Van Etten v. MANUF. NAT'L BANK OF DETROIT

326 N.W.2d 479 | Mich. Ct. App. | 1982

119 Mich. App. 277 (1982)
326 N.W.2d 479

VAN ETTEN
v.
MANUFACTURERS NATIONAL BANK OF DETROIT

Docket No. 56625.

Michigan Court of Appeals.

Decided September 7, 1982.

Fildew, Hinks, Gilbride, Miller & Todd (by Jonathan N. Wayman), for plaintiff.

Dykema, Gossett, Spencer, Goodnow & Trigg, for Manufacturers National Bank of Detroit.

Bodman, Longley & Dahling (by Louis F. Dahling and Charles N. Raimi), for Joseph Freedman.

Before: BEASLEY, P.J., and D.C. RILEY and P.J. MARUTIAK,[*] JJ.

BEASLEY, P.J.

Plaintiff-appellant, Annie Laurine *279 Dodge Van Etten, appeals by leave granted from a circuit court order granting defendants' motion to remove to the probate court plaintiff's chancery proceeding to reform a 1940 settlement agreement on the basis that the issues sought to be raised are ancillary to the pending probate proceedings. Thus, we are called upon to determine whether, under the Revised Probate Code,[1] the probate court possesses equity jurisdiction to reform a settlement contract and to order restitution of unpaid amounts when the matter is ancillary to the termination distribution of a testamentary trust.

The testator, John F. Dodge, who died in 1920, created a testamentary trust in which four of his children, Winifred Dodge Seyburn, Isabel Dodge Sloan, Daniel George Dodge, and Frances Dodge Johnson Van Lennep, would receive trust income during their lifetimes and, after the death of the last surviving child, the corpus of the trust was to be distributed to the heirs of his named children.

On August 15, 1938, at age 21, Daniel George Dodge drowned while on his honeymoon. His surviving wife, plaintiff, Annie Laurine Dodge (Van Etten), was then still in her teens. She elected to take her statutory share of his estate in lieu of taking under his will. On July 9, 1940, she entered into a so-called Corpus Purchase Agreement and an assignment of corpus with her three sisters-in-law, Winifred Dodge Seyburn, Isabel Dodge Sloan, and Frances Dodge Johnson (later Van Lennep), who were the three surviving life beneficiaries of the trust. Under this agreement, they paid plaintiff $1.25 million for:

"All right, title and interest which First Party [Annie *280 Laurine Dodge] may now or at any time hereafter, or upon the happening of any contingencies, have or become entitled to by virtue of being widow and heir of Daniel George Dodge, deceased, or for any other reason or upon any claim whatsoever, in or to any of the principal or corpus of the Estate now held in the residuary Trust under Paragraph 20, sub-paragraph 14(h), of the Will of John F. Dodge, deceased, * * *."

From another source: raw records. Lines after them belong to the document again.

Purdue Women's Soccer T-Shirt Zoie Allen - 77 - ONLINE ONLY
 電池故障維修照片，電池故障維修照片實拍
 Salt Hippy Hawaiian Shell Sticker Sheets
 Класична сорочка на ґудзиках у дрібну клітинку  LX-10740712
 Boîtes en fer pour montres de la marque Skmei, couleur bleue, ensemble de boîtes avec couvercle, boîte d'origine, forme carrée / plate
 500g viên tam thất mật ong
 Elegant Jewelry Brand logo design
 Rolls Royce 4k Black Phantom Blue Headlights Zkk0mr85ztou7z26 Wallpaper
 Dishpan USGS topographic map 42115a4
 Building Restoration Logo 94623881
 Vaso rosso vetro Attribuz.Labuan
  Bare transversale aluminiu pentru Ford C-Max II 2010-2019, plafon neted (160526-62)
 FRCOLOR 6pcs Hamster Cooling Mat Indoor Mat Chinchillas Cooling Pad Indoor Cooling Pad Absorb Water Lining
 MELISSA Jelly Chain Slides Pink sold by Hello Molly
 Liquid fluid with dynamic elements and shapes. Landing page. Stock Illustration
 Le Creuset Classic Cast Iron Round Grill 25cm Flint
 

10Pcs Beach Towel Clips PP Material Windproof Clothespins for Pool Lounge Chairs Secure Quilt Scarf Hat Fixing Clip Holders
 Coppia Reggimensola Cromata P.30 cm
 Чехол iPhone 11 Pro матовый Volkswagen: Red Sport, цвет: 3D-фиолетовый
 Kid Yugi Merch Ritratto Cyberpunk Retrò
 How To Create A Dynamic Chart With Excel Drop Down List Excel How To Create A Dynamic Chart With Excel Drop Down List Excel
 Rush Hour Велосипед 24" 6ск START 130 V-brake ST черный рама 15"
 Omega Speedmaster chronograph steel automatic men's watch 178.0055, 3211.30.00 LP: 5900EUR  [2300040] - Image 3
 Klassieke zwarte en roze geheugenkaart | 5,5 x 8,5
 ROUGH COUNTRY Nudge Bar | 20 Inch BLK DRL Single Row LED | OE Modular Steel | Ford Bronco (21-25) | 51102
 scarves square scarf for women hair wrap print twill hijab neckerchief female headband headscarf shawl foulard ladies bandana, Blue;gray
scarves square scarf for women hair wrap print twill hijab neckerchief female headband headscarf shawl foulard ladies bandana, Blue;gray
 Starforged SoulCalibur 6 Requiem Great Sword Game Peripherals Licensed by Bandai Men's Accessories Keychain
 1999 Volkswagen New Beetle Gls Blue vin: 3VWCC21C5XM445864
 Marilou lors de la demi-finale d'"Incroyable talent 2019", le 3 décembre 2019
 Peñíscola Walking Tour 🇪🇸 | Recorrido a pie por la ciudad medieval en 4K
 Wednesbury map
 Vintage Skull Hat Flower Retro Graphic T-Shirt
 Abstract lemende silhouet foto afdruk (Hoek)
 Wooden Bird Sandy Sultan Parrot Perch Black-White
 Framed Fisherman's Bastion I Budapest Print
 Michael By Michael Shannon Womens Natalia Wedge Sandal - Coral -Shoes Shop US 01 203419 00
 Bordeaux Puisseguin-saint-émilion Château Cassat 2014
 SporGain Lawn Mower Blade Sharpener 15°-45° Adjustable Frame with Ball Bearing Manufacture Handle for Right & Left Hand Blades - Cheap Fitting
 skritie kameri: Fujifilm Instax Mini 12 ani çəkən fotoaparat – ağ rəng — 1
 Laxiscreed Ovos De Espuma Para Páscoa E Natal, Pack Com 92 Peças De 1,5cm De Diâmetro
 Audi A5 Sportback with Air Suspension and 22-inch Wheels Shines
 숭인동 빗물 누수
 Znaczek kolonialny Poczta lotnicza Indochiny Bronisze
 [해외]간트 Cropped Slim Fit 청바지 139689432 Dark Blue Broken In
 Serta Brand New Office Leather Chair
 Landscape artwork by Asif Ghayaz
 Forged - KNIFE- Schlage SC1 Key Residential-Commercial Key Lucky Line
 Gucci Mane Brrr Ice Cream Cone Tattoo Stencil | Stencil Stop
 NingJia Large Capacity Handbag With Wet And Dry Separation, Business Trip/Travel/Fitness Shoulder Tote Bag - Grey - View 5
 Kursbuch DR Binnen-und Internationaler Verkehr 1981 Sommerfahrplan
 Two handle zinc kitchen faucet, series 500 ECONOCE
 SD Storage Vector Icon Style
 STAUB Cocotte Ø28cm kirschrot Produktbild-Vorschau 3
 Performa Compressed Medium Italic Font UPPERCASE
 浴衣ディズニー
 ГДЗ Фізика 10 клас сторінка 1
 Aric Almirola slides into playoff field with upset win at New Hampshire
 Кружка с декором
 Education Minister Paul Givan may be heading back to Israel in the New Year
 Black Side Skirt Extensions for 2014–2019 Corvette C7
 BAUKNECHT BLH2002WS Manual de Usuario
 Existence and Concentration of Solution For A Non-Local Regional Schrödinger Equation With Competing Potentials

On January 3, 1980, when Winifred Dodge Seyburn, the last surviving child, died, the Dodge trust terminated by its terms. Shortly thereafter, proceedings were commenced in the Wayne County Probate Court for distribution of the trust corpus.

On August 8, 1980, prior to decision by the probate court determining the distribution of the Dodge trust, plaintiff filed a complaint in the Wayne County Circuit Court seeking reformation of the 1940 corpus purchase agreement on the basis of mutual mistake regarding the nature of the interest which plaintiff conveyed to the then three surviving daughters of John F. Dodge.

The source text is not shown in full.